First of all, this activity is very low – it`s a side reaction and the organism does not benefit from it. Nature has just not evolved nitrogenase for CO2 fixation. But what happens if we introduce a CO2 binding pocket?
What is the ultimate goal?
The long-term goal is definitely CO2 fixation and reduction. But one should not forget that we can gain quite essential insights into the inner workings of nitrogenase through this. Nitrogenase research is quite old, but surprisingly little is known about the exact course of the reaction! This is where synthetic biochemistry comes in. By creating artificial metalloenzymes, we can transfer the clusters into a new environment, a so called scaffold protein. We can isolate the metallocluster, it remains stable. Then the cluster can be put into a scaffold protein. I assume that with a foreign scaffold protein it will be possible to change the product composition and the spectrum of products.
And I think the greatest advancement in synthetic biology is a "change of mindset": that through engineering in an artificial system, you can look back and explore enzyme mechanisms and principles. I often mention biotechnological applications to explain what my research could be good for. It could take 10, 20 years to get there. But along the way we get so many insights into enzyme mechanisms. How important are amino acids? How important is the metallocluster? Does one work without the other?
Although it is a chemical topic, at first glance, you are not only looking for chemists for your new team?
Basically microbiologists, biochemists, chemists. Preferably people who come from one direction, but also have a sense for the other subjects. Whether this is a chemist making new clusters or a molecular biologist who wants to deal with protein selection or engineering - all of these are welcome.
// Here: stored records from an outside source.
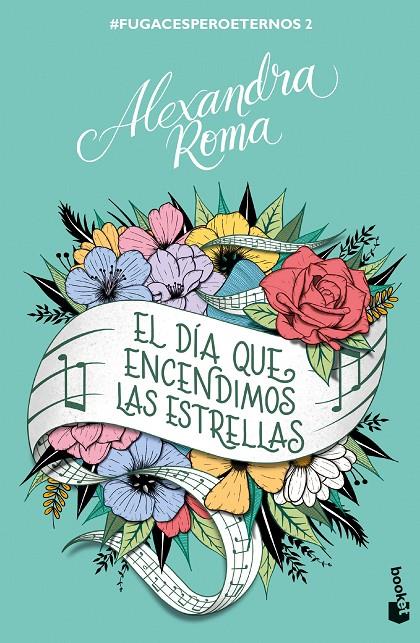 El día que encendimos las estrellas (Fugaces pero eternos; 2) | 9788408272182 | Alexandra Roma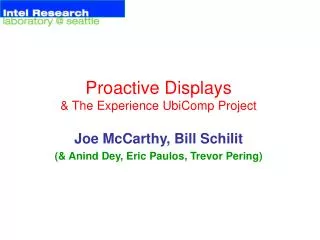 Proactive Displays &amp; The Experience UbiComp Project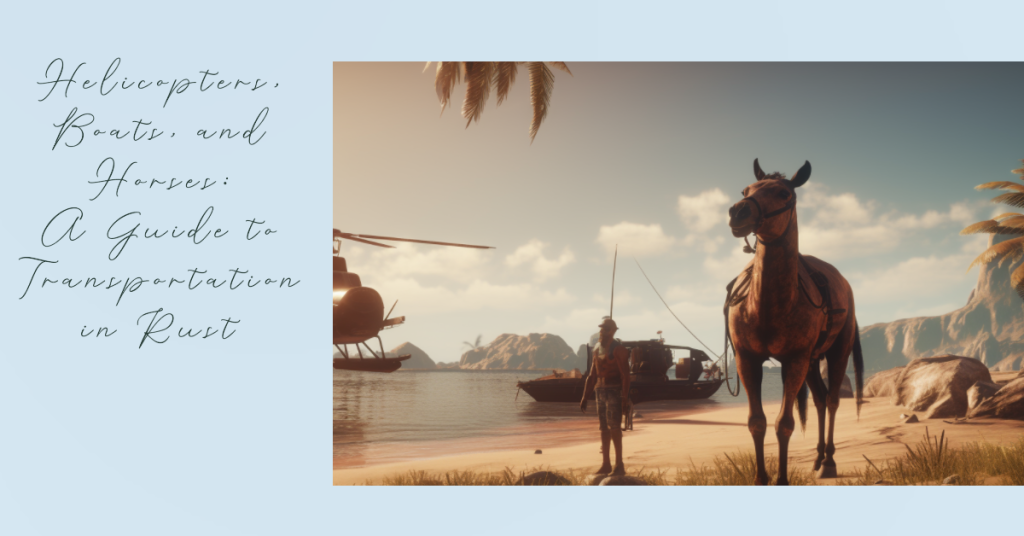Helicopters, Boats, and Horses A Guide to Transportation in Rust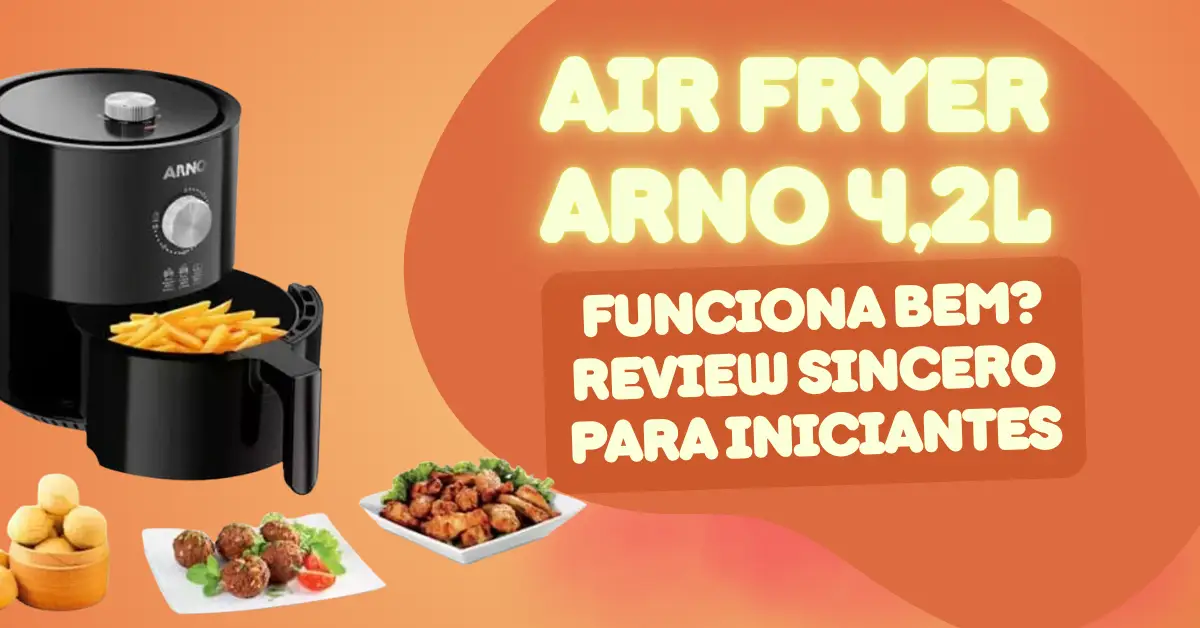 Air Fryer Arno 4.2L Funciona Bem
Often a combination of approaches is useful, where one step is solved biologically and another chemically.
What chances do you see for your group at the research location Marburg?
The MPI in Marburg has a long tradition in metalloenzyme research, just think of Rolf Thauer, Wolfgang Buckel or Seigo Shima for example. They have a lot of experience with metalloenzymes, which are difficult to handle, because of their oxygen-sensitivity. I am now also changing my model organism to Rhodobacter capsulatus, where I can benefit from Anke Becker's experience, and last but not least Tobi Erb's research - we have different research approaches, but they complement each other well.
And finally, young people come together here. I think this is amazing and I have the feeling that Marburg is a hotspot for junior research groups right now.That may be a coincidence, but I think it's because of the good networking here. Here is a lot going on right now.
You will certainly miss your hobby, mountaineering...
I hope I don't have to abandon this completely. Sure, it'll be less, but I'd like to do some alpine climbing and backcountry skiing. But I also find the nature here beautiful – there are lots of forests around.
Johannes, thank you very much for the interview!